Exactement. Il y a une étendue de possibilités. Il faut préserver notre liberté de fabrication de film. Aujourd’hui, on fonctionne beaucoup au formatage. Il y a des vagues, des modes, comme le docufiction dernièrement, qui est une forme assez dangereuse. Nous, les documentaristes, comme Frederick Wiseman, William Karel et moi-même, pendant ce temps, on a du mal à exister, à résister à la vague, à clamer qu’il y a d’autres formes artistiques de documentaires. Finalement, c’est tout de même nous qui restons.
Nous l’avons vu à Biarritz avec le Smart Fip@ qui met en avant des projets transmédia, le documentaire existe aujourd’hui sur Internet grâce au webdocumentaire. Est-ce également une mode ou, pour vous aussi un jour, une façon de toucher un plus large public ?

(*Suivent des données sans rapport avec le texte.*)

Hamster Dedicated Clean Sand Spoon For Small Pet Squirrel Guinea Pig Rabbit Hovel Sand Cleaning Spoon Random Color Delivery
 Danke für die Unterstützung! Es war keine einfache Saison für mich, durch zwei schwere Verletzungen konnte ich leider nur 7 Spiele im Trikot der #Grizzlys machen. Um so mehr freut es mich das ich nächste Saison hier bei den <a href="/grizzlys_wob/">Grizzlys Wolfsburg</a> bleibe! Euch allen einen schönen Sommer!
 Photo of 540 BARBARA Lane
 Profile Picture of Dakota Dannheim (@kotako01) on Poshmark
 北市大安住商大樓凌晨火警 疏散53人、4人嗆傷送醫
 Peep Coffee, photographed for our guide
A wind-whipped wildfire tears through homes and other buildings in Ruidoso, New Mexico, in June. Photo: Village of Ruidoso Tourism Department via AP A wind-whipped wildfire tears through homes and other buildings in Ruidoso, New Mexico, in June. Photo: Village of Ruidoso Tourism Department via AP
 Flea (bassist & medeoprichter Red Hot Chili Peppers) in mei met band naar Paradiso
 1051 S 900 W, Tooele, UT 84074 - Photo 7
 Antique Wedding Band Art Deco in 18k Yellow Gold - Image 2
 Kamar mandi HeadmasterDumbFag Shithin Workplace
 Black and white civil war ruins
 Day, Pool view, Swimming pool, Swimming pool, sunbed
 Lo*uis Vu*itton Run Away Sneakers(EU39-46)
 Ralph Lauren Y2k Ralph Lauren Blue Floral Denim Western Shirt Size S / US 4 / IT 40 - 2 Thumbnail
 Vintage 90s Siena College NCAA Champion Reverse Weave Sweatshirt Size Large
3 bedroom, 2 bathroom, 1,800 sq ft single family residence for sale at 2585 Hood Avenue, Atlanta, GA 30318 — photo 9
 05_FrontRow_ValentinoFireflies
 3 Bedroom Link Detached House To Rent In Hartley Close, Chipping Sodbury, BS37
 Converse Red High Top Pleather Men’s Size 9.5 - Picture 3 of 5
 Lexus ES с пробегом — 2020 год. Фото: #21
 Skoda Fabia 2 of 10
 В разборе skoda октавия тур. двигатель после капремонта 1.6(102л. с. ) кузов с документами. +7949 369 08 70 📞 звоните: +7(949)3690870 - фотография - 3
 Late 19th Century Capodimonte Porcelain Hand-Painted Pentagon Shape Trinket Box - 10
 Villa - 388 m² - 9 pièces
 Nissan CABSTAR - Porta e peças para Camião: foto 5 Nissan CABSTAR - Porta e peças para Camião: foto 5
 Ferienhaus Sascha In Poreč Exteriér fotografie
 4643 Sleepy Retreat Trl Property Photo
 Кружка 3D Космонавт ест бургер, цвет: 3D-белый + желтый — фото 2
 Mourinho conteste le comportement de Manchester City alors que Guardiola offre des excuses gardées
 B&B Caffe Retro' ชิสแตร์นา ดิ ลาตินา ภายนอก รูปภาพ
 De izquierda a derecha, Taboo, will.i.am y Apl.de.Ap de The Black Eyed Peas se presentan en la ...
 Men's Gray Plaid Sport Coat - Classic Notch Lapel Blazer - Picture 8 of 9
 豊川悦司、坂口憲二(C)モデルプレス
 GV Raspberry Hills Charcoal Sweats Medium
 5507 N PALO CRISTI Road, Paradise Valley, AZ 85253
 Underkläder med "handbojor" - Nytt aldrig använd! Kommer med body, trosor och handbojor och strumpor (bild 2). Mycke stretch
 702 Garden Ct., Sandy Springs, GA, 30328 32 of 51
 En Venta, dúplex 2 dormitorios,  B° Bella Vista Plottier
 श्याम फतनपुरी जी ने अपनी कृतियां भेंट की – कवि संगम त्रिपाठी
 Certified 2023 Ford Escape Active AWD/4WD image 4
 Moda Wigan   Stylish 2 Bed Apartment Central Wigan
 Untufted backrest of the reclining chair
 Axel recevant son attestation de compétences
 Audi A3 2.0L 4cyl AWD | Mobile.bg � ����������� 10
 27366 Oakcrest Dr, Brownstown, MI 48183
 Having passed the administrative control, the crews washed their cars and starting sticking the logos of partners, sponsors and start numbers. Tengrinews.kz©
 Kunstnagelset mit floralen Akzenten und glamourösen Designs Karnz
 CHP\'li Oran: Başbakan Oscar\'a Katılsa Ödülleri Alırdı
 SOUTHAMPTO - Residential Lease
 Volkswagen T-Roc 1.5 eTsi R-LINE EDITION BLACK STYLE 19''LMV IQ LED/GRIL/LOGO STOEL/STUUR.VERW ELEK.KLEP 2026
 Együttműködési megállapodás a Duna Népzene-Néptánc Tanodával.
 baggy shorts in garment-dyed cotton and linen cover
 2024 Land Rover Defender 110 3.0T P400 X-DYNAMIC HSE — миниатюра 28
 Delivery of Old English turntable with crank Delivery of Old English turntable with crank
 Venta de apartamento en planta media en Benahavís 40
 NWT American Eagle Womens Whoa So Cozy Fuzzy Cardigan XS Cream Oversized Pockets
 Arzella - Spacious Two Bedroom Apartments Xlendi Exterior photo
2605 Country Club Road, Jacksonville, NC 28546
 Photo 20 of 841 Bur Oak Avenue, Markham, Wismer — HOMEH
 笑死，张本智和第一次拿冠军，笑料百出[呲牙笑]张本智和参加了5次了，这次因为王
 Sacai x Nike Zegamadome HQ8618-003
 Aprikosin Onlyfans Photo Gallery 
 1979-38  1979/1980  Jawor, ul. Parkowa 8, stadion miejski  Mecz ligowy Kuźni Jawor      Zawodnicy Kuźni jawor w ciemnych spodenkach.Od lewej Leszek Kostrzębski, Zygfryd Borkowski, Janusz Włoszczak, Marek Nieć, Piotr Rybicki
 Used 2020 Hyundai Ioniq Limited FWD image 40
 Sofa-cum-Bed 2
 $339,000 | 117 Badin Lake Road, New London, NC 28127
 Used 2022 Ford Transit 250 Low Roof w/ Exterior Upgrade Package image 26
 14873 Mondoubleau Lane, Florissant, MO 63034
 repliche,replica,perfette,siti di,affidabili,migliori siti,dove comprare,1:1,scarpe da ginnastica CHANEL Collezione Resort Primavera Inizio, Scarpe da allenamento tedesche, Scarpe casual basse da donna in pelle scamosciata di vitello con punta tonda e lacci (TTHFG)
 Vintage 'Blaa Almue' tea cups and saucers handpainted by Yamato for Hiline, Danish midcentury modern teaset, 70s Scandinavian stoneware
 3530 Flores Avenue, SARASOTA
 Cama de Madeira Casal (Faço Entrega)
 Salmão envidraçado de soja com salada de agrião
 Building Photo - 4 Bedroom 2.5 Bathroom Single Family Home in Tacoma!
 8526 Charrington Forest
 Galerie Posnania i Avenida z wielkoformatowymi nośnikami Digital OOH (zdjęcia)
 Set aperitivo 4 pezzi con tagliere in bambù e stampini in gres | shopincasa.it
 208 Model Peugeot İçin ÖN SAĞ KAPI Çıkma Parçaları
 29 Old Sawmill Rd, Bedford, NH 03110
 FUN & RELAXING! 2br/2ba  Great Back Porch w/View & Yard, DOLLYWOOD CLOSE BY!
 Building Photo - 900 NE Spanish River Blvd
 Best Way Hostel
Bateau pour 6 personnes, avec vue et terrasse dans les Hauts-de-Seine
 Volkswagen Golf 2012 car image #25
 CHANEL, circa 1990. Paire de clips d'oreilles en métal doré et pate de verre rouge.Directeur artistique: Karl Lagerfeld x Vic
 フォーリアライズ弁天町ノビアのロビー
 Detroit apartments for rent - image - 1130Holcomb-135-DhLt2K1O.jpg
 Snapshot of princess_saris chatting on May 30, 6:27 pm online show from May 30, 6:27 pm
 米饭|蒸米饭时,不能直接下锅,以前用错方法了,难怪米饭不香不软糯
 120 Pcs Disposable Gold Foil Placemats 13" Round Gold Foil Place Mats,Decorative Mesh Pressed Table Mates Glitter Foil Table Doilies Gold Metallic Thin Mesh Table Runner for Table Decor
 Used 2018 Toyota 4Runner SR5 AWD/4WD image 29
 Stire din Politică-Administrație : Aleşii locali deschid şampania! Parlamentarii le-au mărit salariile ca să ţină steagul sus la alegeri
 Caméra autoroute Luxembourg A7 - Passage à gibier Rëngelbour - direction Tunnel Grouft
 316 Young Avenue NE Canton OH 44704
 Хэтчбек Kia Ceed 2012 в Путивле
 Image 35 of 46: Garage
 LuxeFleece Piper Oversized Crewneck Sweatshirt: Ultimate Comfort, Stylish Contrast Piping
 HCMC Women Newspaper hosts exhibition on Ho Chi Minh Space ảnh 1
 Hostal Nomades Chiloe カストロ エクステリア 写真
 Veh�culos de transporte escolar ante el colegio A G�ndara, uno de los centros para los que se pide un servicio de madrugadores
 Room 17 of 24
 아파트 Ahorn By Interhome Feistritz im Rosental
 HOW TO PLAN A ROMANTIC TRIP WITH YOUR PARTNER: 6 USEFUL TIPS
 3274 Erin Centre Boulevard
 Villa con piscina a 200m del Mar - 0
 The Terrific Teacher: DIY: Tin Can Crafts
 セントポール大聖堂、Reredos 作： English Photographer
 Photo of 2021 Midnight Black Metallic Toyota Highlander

Il ne faut pas négliger cet espace collectif qu’est le cinéma et qui nous permet de ressentir une émotion ensemble. Les enfants aujourd’hui ne regardent plus de films, ils regardent des tablettes numériques ou leurs smartphones. On dit que la tablette vous fait baisser la tête, alors que le cinéma vous permet d’élever votre regard. Vous êtes tout seul, vous ne partagez pas comme au cinéma, c’est une sorte de masturbation intellectuelle. Je pense qu’on peut utiliser les deux. J’ai aussi envie d’aller à la rencontre de ces enfants-là. On peut aussi faire quelque chose de ludique sur les problèmes sociaux, d’identité, et pas toujours sur les histoires sordides de gangs ou de faits divers. J’ai essayé moi aussi, le webdoc a eu une vie, c’était une autre vague, mais la profusion du contenu qu’on peut trouver sur Internet rend sa vie difficile. Ça va trop vite, c’est déjà dépassé. La technologie s’invente plus vite que le contenu, le bon contenu surtout. C’est assez perturbant. Je ne veux pas aller contre ça, moi aussi ça m’intéresse, mais je pense qu’il faut surtout trouver la forme adéquate. Chaque sujet mérite une forme particulière pour dire ce que l’on souhaite d’une manière élégante, forte, qui a du sens cinématographiquement parlant. J’ai proposé une forme muette, avec La France est notre patrie, qui permet au spectateur de faire le commentaire soi-même. On regarde davantage l’image, on ne vous prend pas par la main. Vous évoluez avec votre culture, votre personnalité, votre regard sur la société, la politique et vous faites ainsi vous-même votre travail d’inventeur, d’auteur, en regardant le film.
La France est notre patrie est constitué uniquement d’images archives. Ça a dû être un travail titanesque. Comment créer un récit à partir de ces images ?
La forme de mes films évolue toujours tout au long de mon travail. J’aime le travail sur les images d’archives car elles trouvent une résonance en nous aujourd’hui. Je ne crois pas à l’adage “le passé éclaire le présent” car les guerres, les meurtres et les génocides existent toujours. L’histoire et les erreurs se répètent. Par contre parfois l’une de ces images peut devenir historique, une image vivante qui trouve un écho en nous. Le rôle d’un cinéaste est de faire vivre cet écho. C’est à partir de là qu’une lumière peut jaillir pour qu’on puisse réfléchir ensemble, sans rancœur, sans amertume et dialoguer.
Dans le film vous parlez de la France fraternelle, généreuse mais non sans une certaine ironie, continuellement présente dans le film. Vous pensez vraiment que la France l’a déjà été ?
Au début de la colonisation, elle fut généreuse. C’est toujours comme ça. Et ça finit toujours par être détourné. Notre travail en tant que cinéaste se trouve là : raconter ces changements. Il faut dire que nous, nous restons là. Il faut être ensemble. Ne pas se fourvoyer, ne pas égarer les bonnes idées.
LA FRANCE EST NOTRE PATRIE, documentaire réalisé par Rithy Panh (France). Durée : 75 minutes. Diffusion prochaine sur France Télévisions.